(Recorded data)
########

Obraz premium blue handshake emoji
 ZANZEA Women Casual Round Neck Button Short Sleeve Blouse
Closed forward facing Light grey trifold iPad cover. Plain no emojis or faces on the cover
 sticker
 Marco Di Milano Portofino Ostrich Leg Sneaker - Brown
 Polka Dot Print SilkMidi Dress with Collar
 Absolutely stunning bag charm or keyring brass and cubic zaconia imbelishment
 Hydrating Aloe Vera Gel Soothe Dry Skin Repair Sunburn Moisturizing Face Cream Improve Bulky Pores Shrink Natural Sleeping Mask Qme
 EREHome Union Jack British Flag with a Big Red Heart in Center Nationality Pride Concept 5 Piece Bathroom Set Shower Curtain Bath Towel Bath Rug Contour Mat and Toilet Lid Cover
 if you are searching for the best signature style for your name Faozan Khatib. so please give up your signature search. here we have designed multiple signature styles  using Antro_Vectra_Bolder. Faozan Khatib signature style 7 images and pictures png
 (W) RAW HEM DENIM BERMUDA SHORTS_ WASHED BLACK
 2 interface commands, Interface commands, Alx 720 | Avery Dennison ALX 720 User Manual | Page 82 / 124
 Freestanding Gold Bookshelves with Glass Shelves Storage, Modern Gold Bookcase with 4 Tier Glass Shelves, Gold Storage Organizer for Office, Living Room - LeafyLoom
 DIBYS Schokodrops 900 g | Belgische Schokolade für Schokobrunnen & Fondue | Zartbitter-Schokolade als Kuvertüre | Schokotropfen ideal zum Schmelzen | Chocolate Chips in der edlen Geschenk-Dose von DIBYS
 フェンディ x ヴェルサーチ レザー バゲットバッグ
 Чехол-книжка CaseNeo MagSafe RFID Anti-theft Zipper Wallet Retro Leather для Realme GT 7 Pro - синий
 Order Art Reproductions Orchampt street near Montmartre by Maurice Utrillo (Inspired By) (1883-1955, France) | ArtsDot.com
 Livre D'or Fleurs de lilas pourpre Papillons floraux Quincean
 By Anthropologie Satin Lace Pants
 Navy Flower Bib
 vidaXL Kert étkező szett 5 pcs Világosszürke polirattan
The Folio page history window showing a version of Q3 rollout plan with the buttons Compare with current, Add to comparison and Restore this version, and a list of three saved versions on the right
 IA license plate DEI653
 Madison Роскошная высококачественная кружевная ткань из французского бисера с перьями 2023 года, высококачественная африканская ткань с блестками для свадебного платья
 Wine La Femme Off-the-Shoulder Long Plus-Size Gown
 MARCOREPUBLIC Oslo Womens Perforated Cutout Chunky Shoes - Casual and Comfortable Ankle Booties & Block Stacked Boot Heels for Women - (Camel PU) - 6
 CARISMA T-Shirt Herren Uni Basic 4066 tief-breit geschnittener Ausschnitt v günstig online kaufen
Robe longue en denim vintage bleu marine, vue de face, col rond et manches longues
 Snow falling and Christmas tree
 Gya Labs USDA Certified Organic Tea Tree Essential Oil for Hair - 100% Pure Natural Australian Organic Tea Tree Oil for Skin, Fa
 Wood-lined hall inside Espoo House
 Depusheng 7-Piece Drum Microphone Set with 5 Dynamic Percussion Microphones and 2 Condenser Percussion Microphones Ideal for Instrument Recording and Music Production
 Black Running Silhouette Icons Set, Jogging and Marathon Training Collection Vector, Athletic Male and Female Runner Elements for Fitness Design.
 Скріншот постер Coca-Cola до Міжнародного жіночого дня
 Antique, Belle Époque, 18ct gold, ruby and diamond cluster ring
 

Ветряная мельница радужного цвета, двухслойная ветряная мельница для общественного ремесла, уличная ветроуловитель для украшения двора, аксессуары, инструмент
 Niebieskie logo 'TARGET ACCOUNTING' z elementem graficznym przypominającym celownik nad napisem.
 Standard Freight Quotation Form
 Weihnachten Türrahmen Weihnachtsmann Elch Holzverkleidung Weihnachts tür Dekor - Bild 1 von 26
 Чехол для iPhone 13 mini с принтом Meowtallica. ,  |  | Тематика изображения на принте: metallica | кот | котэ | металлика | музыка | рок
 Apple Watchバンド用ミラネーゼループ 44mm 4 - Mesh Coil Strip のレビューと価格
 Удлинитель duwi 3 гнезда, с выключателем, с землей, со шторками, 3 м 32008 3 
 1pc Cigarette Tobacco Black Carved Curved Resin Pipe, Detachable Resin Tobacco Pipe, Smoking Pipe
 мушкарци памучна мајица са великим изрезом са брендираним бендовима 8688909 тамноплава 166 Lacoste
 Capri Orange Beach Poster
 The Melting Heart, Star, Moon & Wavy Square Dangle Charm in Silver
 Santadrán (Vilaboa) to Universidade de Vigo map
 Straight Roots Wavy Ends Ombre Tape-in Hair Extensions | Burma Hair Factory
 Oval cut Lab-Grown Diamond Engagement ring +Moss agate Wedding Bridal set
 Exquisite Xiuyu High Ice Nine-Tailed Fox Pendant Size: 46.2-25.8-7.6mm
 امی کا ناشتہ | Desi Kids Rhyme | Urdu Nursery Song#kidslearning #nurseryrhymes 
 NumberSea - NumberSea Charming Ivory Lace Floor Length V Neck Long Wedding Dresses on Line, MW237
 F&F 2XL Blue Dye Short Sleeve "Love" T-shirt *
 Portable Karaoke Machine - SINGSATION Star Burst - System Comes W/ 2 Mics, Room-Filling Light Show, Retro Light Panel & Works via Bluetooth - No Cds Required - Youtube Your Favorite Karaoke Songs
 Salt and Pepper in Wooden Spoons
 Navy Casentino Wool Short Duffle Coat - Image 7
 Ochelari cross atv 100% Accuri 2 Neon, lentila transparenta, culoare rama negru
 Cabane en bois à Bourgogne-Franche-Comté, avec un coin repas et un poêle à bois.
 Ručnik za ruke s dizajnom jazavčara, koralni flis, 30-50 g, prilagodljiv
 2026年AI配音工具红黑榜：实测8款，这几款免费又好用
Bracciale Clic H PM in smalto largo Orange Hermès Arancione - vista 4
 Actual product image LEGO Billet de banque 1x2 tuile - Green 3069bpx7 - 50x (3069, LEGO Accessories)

########

**What you have to do**
Starting from the records above, copy each line where the string "Piece" is found.

**Result of the exercise**
 EREHome Union Jack British Flag with a Big Red Heart in Center Nationality Pride Concept 5 Piece Bathroom Set Shower Curtain Bath Towel Bath Rug Contour Mat and Toilet Lid Cover
 Depusheng 7-Piece Drum Microphone Set with 5 Dynamic Percussion Microphones and 2 Condenser Percussion Microphones Ideal for Instrument Recording and Music Production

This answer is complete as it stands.